Изгоняется ли тем самым предмет, вещь из картины? Нет. Линия — наделена таким же практически целесообразным смыслом, как и стул, фонтан, нож, книга и используется как чисто живописное средство без учета ее других качеств, которыми она может обладать — то есть в ее чистом внутреннем звучании. Итак, если освободить линию в картине от задачи обозначать предмет и дать ей функционировать в качестве такового, то тогда ее внутренний голос не будет ослаблен никакими побочными ролями и полностью обретет свою внутреннюю силу. Легко прийти к выводу, что чистая абстракция, как и чистая реальность, пользуются материально существующими средствами. Величайшее отрицание предметного, как и его величайшее утверждение, обретают знак равенства. В принципе не имеет никакого значения, используется ли художником реальная или абстрактная форма. Обе формы — равноценны, а право выбора должно быть предоставлено самому художнику.  Кандинский использует свои художественные принципы в поэзии:      
Очевидный вывод: форма, являющаяся в одном случае наилучшей, в другом может оказаться наихудшей: все зависит от внутренней необходимости, которая одна может сделать форму истинной. Нельзя верить теоретикам искусства или критикам, утверждающим, что он заметил в том или ином произведении объективную ошибку. Единственное, что может утверждать такой теоретик с полным основанием, это до того он не был знаком с использованием данного выразительного средства. Идеальным критиком, обладающим душой поэта, может быть лишь тот, кто, попытавшись почувствовать, как действует та или иная форма внутренне, затем транслирует свое впечатление от нее окружающим.
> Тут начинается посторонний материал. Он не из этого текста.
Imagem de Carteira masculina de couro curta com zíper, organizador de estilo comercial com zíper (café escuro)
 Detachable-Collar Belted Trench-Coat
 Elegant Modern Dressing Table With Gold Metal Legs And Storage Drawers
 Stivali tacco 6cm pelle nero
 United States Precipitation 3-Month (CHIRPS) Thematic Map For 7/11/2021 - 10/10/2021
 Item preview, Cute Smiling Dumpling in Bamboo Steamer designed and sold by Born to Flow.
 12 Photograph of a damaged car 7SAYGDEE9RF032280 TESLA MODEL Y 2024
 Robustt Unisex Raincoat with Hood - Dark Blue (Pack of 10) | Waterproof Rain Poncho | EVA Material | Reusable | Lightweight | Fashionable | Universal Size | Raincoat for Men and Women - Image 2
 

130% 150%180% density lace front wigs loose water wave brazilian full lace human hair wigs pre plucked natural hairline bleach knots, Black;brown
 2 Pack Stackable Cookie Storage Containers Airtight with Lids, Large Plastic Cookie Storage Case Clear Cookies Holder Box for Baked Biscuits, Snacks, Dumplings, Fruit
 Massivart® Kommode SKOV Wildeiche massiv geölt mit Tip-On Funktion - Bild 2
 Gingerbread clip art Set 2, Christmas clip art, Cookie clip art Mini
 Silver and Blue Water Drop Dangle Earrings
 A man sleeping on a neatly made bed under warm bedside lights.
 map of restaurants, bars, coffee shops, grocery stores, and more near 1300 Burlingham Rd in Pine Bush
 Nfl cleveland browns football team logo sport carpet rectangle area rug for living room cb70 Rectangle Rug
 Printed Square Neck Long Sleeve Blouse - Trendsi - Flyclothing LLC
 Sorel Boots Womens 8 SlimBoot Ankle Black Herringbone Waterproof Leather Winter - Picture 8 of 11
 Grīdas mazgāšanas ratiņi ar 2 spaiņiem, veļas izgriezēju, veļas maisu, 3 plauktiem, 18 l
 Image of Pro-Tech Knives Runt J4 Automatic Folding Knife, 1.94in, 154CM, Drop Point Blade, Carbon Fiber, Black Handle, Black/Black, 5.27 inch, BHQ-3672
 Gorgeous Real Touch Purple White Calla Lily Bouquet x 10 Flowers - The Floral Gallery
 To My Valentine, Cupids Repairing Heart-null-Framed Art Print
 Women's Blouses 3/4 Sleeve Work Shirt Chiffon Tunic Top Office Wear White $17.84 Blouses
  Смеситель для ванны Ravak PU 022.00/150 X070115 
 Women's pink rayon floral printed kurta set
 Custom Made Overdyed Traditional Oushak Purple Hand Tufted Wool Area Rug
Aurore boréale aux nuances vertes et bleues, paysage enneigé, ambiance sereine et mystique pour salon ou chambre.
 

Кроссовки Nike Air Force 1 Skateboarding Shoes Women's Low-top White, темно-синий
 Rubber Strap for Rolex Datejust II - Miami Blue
Искусству в принципе вредна постановка вопроса о форме и потому, что неодаренные люди, пользуясь чужими формами, «инсценируют» произведение и тем самым являются источником заблуждений. Зачастую использование чужой формы считается обманом, чуть ли не преступлением, а в действительности же это имеет место лишь тогда, когда «художник» обращается к данным чужим формам намеренно, не испытывая внутренней в них необходимости, и заведомо создает нечто мертвое, мнимое. Вопрос о плагиате уже не имеет былого значения, неизменно приписываемого ему критикой. Живое остается — мертвое исчезает.
«И действительно, — напишет Кандинский, — чем глубже мы обращаем наш взор в прошлое, тем меньше находим там инсценировок, мнимых произведений. Они таинственно исчезли. Сохраняются только лишь подлинные художественные сущности, то есть те, тела (формы) которых обладают душой (содержанием)». 
Каждый вид искусства обладает своим собственным языком, располагая присущими ему выразительными, внешне различными средствами: звук, цвет, слово! «По своей же внутренней сути, — отмечал Кандинский, — они совершенно тождественны: конечная цель стирает внешние различия и обнажает внутреннее тождество».